Which lines run from the one containing "Used 2020 Honda CR-V EX image 15" through the end of the data? Write them out exactly, with the pictures left out.

* * *

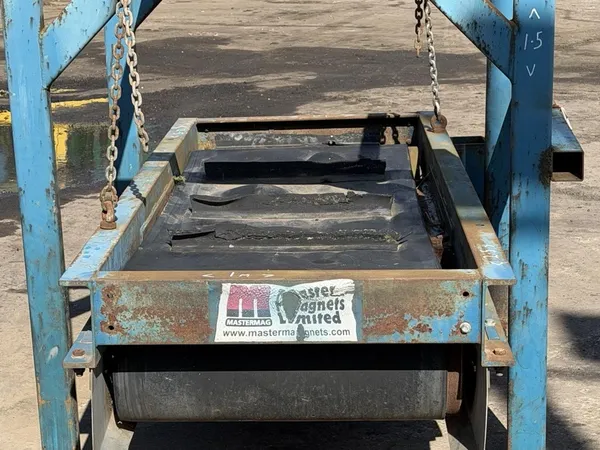 Master Magnets Overband Magnet c/w Frame – view 7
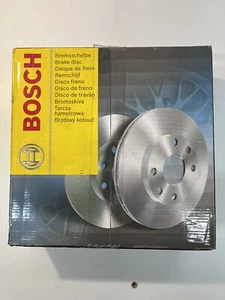 2 Stück Bosch Bremscheibe 0986478883 (NEU&OVP) - Picture 1 of 3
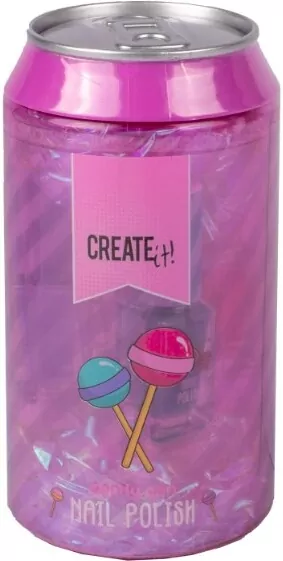 Puszka z kosmetykami. Candy. Mix - tantis.pl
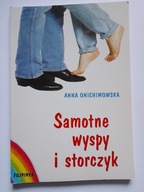 Samotne wyspy i storczyk Anna Onichimowska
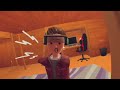 Rec room with one hand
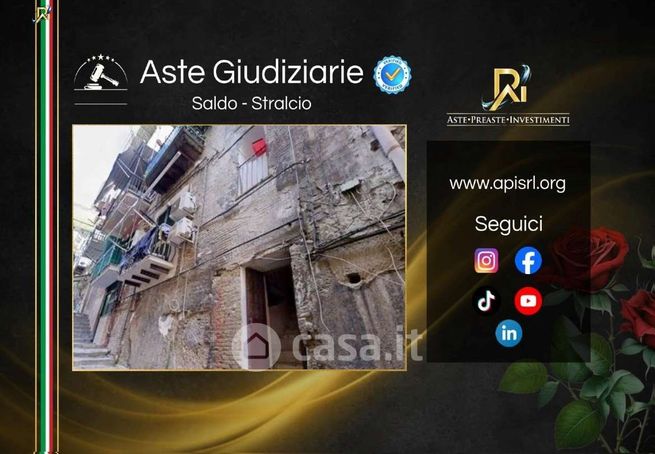 Appartamento in residenziale in Salita Echia 8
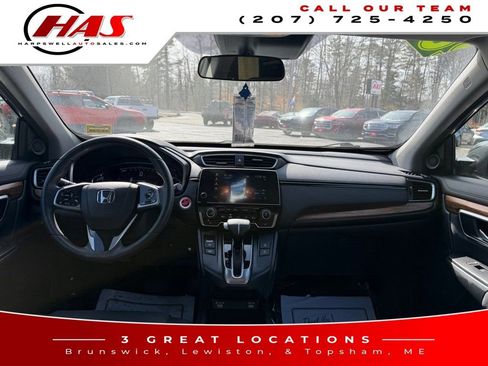 Used 2020 Honda CR-V EX image 15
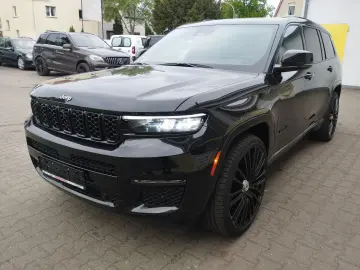 JEEP Grand Cherokee Summit L 5 7 HEMI 23 Zoll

* * *

• [Answer]:
 Used 2020 Honda CR-V EX image 15
 JEEP Grand Cherokee Summit L 5 7 HEMI 23 Zoll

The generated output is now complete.